COMPOT: Calibration-Optimized Matrix Procrustes Orthogonalization for Transformers Compression
Denis Makhov, Dmitriy Shopkhoev, Magauiya Zhussip, Ammar Ali, Baher Mohammad, Stamatios Lefkimmiatis
TL;DR
COMPOT addresses the challenge of post-training Transformer projection compression by using calibration data to estimate a sparse factorization in a whitened space. It enforces an orthogonal dictionary with $D_O^T D_O = I_k$ and a sparse code with $\|s_O_j\|_0 \le s$, reconstructing $\widehat{W} = A S_O$ where $A = L^{-T} D_O$ and $G = X^T X = L L^T$. A one-shot global allocation pools normalized singular values across matrices to determine per-matrix ranks under a model-wide budget. The method yields closed-form dictionary updates via Procrustes and analytic sparse coding, avoiding iterative pursuits, and shows strong improvements over SVD-based and dictionary-learning baselines while remaining compatible with post-training quantization. Across language, vision-language, and audio tasks, COMPOT delivers substantial quality gains at comparable memory budgets, demonstrating practical impact for efficient deployment of large transformers.
Abstract
Post-training compression of Transformer models commonly relies on truncated singular value decomposition (SVD).

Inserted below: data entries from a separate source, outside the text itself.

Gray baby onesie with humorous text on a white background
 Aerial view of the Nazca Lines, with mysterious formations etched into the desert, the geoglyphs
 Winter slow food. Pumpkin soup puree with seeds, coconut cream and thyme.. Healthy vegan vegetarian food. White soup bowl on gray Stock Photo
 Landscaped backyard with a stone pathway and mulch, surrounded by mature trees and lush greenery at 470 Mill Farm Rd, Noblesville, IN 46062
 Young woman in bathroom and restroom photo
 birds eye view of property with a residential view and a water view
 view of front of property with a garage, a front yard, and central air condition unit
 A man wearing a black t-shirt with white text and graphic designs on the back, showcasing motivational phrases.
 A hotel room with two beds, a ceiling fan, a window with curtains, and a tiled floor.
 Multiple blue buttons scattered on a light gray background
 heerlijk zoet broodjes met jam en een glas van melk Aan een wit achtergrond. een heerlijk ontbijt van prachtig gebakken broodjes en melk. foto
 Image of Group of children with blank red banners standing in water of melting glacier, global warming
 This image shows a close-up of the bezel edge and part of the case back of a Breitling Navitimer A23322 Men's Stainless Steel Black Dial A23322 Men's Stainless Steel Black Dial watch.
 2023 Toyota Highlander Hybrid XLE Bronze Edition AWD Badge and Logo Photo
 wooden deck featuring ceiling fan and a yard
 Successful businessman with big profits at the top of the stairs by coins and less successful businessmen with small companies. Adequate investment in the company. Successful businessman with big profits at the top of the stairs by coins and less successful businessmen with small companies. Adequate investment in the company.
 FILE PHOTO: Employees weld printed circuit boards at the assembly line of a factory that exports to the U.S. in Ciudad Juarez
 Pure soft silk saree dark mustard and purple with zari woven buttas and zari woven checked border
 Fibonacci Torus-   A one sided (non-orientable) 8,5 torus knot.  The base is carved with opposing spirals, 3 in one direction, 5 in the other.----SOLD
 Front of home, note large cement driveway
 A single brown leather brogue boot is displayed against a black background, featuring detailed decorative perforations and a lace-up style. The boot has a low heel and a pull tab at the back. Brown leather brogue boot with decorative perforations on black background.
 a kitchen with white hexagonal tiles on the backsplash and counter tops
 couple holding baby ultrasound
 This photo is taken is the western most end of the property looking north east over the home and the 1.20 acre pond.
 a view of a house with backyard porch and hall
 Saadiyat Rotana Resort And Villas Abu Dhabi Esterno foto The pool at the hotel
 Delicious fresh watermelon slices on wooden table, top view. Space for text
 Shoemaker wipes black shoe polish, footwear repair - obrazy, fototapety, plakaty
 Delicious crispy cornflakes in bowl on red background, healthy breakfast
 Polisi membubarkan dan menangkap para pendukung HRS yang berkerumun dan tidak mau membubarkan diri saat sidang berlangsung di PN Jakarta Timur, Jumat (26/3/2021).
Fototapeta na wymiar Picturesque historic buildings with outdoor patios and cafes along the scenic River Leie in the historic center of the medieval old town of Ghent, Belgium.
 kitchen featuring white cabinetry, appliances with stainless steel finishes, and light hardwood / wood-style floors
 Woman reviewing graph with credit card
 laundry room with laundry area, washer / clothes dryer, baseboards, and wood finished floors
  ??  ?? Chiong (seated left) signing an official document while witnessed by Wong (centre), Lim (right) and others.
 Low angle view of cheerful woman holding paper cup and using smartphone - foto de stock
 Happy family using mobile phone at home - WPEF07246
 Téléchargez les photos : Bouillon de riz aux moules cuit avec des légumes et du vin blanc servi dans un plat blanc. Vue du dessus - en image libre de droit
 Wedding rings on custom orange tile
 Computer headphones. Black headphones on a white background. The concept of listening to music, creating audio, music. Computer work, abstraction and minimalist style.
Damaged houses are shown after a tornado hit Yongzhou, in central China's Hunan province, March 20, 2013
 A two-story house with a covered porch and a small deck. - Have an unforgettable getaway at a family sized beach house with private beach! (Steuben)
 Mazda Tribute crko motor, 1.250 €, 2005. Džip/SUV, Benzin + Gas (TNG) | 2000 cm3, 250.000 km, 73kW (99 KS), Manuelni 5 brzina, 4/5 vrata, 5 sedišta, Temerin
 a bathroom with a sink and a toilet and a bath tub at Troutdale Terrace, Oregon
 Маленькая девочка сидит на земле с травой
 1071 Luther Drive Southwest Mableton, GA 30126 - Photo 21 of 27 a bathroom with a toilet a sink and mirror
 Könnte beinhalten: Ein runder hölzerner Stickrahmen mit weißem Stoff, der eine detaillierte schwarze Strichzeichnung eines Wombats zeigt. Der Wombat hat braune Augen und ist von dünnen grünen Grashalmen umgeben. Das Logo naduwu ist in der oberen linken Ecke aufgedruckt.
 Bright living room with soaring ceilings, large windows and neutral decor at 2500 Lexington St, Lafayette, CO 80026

However, enforcing a single shared subspace can degrade accuracy even at moderate compression. Sparse dictionary learning provides a more flexible union-of-subspaces representation, but existing approaches often suffer from iterative dictionary and coefficient updates. We propose COMPOT (Calibration-Optimized Matrix Procrustes Orthogonalization for Transformers), a training-free compression framework that uses a small calibration dataset to estimate a sparse weight factorization. COMPOT employs orthogonal dictionaries that enable closed-form Procrustes updates for the dictionary and analytical single-step sparse coding for the coefficients, eliminating iterative optimization. To handle heterogeneous layer sensitivity under a global compression budget, COMPOT further introduces a one-shot dynamic allocation strategy that adaptively redistributes layer-wise compression rates. Extensive experiments across diverse architectures and tasks show that COMPOT consistently delivers a superior quality-compression trade-off over strong low-rank and sparse baselines, while remaining fully compatible with post-training quantization for extreme compression. Code is available $\href{https://github.com/mts-ai/COMPOT}{here}$.